Türkiye ve benzer bazı ülkelerin zaman zaman başardığı “yeni medya” şirketleri ile sansür ve fişlemede taşeron ilişkisi aslında ABD’de çok daha temel düzeyde. Yukarıdaki, göz önünde gelişen Wikileaks ve Küba örneklerinin dışında perde arkasında örneğin çıkarların nasıl birbirine dayandığı 2016 yılında Hillary Clinton’ın sızdırılan e-posta trafiğinde, ABD dışişleri bakanlığı ile Google arasındaki bir dizi yazışmadan görülebilir. Bu yazışmalardan anlıyoruz ki o dönem dışişlerinin hiçbir talebi yokken, Google, Al-Jazeera’yi de yanına alarak, Suriye’de ABD’nin rejim değişikliği hedefine uygun şekilde hükümet görevlilerinin taraf değiştirmesini “özendirecek, takibini yapacak ve muhalefeti cesaretlendirecek” bir uygulama geliştirip dışişleri bakanlığına hediye ediyor. Bakanlığın üst düzey görevlileri de bu öneriyi ilgiyle aralarında paylaşıyor. ABD’de sadece Küba örneğinde olduğu gibi sansür değil, bu yazışma ve Wikileaks örneklerinden de hareketle denebilir ki, internetin farklı katmanlarının kontrolü/idaresi de özelleştirilmiş durumda.

NE YAPMALI?

Trump, ABD seçmenleri tarafından koltuğundan indirildi, fakat ABD başkanını sansürleyecek güce sahip bu şirketlerin üzerinde ne demokratik bir kontrol mekanizması ne de kullanıcıların bilgi ve verilerini koruyacak yeterli yasal düzenlemeler var.

Son dönemde Avrupa Birliği başta olmak üzere kişisel verileri koruma ve internet aracı şirketlerinin icraat ve düzenlemelerini yasal bir çerçeveye oturtma çabaları birçok ülkede gündemde. Henüz geçtiğimiz ay İngiltere’de sürücülerin ve emek örgütlerinin mücadelesi kazanımla sonuçlandı ve Uber, 70.000’den fazla sürücüsünü, yasal düzenlemelere karşı harcadığı milyonlarca dolara rağmen, çalışanı olarak kabul edip sürücülerin asgari ücret, yıllık izin gibi haklarını tanımak zorunda kaldı. İnternet ile ilgili hiçbir yasal düzenlemeyi kabul etmeyen sakat libertaryen anlayışa rağmen yerel yönetimlerden emek örgütlerine ve kullanıcılara kadar birçok grup etkili denetim ve yasal düzenlemeler için mücadele ediyor. Ancak bu noktada kimin ne amaç ve içerikle bu yasal düzenlemelere giriştiği önemli.
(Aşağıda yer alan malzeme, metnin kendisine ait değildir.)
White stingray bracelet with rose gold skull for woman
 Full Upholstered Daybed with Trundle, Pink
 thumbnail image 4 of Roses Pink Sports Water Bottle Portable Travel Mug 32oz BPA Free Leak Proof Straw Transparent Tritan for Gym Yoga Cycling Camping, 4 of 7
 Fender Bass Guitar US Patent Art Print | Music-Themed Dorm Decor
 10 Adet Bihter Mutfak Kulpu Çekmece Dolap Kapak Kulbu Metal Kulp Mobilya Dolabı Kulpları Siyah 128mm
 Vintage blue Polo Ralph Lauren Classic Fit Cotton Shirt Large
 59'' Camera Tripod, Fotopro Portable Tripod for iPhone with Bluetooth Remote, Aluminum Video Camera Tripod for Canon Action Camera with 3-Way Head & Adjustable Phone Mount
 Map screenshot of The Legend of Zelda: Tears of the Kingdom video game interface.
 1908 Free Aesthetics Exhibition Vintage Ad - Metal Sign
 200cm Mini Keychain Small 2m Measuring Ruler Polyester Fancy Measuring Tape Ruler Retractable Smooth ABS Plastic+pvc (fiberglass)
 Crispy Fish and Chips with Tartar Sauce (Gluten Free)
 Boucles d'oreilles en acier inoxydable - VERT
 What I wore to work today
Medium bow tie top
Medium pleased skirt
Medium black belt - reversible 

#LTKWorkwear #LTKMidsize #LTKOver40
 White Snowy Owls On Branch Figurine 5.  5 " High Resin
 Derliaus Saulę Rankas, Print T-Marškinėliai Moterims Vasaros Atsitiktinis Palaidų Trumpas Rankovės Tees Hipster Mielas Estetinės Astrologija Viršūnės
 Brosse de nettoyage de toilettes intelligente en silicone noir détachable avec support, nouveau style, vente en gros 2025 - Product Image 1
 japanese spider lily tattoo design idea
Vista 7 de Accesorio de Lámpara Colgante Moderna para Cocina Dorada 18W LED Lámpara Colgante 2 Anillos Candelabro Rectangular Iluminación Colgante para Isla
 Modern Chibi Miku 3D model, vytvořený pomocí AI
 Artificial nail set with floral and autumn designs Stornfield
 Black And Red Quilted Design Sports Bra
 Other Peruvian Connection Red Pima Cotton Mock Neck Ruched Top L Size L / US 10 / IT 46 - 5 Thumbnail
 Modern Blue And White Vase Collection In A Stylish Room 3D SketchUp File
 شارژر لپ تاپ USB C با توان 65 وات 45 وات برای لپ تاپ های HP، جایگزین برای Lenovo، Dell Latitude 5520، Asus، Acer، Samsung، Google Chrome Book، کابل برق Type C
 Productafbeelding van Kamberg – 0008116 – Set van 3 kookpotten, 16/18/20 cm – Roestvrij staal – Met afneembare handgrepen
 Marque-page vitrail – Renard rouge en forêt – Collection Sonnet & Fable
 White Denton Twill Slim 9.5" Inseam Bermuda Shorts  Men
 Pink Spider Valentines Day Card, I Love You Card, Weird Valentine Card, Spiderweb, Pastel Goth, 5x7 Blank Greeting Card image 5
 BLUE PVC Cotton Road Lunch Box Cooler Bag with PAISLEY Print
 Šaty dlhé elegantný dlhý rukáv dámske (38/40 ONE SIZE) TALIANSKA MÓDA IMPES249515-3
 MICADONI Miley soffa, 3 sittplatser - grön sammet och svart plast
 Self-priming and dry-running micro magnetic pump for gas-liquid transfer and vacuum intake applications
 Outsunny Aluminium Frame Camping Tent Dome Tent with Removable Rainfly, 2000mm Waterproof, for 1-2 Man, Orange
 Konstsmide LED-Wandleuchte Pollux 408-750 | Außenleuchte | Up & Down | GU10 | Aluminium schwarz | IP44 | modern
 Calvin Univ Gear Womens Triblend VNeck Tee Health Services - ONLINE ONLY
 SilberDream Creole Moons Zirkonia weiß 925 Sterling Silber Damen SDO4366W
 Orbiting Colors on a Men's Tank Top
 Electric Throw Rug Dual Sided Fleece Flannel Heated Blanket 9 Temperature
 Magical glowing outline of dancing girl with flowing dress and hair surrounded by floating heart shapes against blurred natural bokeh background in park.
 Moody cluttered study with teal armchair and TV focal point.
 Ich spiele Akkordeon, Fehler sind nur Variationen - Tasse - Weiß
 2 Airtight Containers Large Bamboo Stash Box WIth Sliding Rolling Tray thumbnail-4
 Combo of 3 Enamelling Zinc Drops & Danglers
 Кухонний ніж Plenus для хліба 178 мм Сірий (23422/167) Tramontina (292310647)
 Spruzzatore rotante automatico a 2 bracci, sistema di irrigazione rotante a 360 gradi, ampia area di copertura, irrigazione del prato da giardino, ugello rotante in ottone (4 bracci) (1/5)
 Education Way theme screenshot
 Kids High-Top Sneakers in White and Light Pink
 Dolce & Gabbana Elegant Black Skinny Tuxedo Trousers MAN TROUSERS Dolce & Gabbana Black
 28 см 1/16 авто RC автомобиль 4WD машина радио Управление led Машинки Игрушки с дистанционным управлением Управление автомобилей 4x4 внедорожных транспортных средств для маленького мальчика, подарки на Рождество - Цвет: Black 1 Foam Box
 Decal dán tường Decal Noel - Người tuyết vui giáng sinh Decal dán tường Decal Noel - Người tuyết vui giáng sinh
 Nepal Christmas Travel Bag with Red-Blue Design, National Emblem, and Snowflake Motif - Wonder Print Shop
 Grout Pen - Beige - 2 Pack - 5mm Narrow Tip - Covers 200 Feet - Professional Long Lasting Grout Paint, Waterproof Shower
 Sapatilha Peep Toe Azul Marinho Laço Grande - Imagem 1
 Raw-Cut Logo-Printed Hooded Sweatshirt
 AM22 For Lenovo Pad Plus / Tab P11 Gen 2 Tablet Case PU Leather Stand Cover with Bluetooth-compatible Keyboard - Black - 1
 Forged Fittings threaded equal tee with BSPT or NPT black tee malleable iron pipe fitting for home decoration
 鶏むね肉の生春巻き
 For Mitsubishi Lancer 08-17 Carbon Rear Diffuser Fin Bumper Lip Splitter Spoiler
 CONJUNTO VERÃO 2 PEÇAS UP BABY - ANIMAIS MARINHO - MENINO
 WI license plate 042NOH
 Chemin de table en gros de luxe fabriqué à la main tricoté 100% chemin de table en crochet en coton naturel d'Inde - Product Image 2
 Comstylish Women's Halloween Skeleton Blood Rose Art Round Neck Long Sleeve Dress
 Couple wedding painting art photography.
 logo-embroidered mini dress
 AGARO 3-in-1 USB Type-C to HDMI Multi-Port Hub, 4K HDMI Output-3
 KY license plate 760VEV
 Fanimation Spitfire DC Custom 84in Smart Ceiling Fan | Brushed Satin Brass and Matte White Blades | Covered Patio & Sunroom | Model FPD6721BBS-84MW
Örneğin Türkiye’deki sosyal medya başta olmak üzere dijital medya ile ilgili yeni yasal düzenlemelerin kullanıcı bilgilerini ve emekçileri koruma amacı ile getirilmediği açık. Larry Lessig’in dediği gibi, “Siber alanda özgürlük devletin yokluğundan gelmeyecek. Özgürlük burada da, diğer alanlarda olduğu gibi, belli bir tip devletten gelecek.”

Farklı uygulama, sayfa ve platformları kullanırken tüm çevrimiçi işlemler ve sonucunda ortaya çıkan bilgi ve verilerin çoğunlukla kitle/profil hedefli reklamlar için gözetlenip toplandığını ve satıldığını biliyoruz. Fakat bu bilgi toplama işleminin içeriği ve boyutları hakkında bir fikrimiz yok—hangi bilgilerin toplanıp nasıl gruplandığı ve kimlere satıldığını bilmiyoruz. Bu bilgi ve verileri toplayan, isleyen, satan, satın alan şirketler ise kullanıcılar hakkında oldukça bilgili. Mark Andrejevic’in “asimetrik gözetim” dediği bu durum daha önce özel mülkiyete konu olmayan her türlü bilginin metalaşmasının sonucu; bu metalaşma ve dijital alana çit çevirme sureci bugün internetteki aracı şirketlerin kârlarının ve güçlerinin de, sansürün özelleştirilmesinin ve yeni gözetim-fişleme şekillerinin de kaynağında.

Mevcut durum bugünden yarına değişmeyecek, fakat daha özgür ve demokratik bir medya düzeninin mücadelesi eşitlik, özgürlük ve emek mücadelesinin bir parçası olarak eldeki araçlarla ve hatta kapitalist birikim mantığının dışında alternatifler üreterek yürütülebilir. Bugün hâlihazırda üreticilerin sahip olduğu ve kullanıcı bilgilerini toplayıp satmaya dayanmayan platformlar mevcut ve sendikaların destekleriyle kurulmaya da devam ediyor. Örneğin Modo ve Union Taxi adli platformlar çalışanlarının sahipleri olduğu ve ABD’de Uber’e alternatif olarak ortaya çıkan kooperatif platformlar. Ya da Amazon’un Mechanical Turk’une alternatif kooperatif mecralar da hem ABD hem de AB’de ortaya çıkmakta. Bununla bağlantılı bir diğer hedef de sendika, parti ve çeşitli toplumsal örgütlerin bizzat dijital medya ve uygulamalar geliştirmesi olmalı.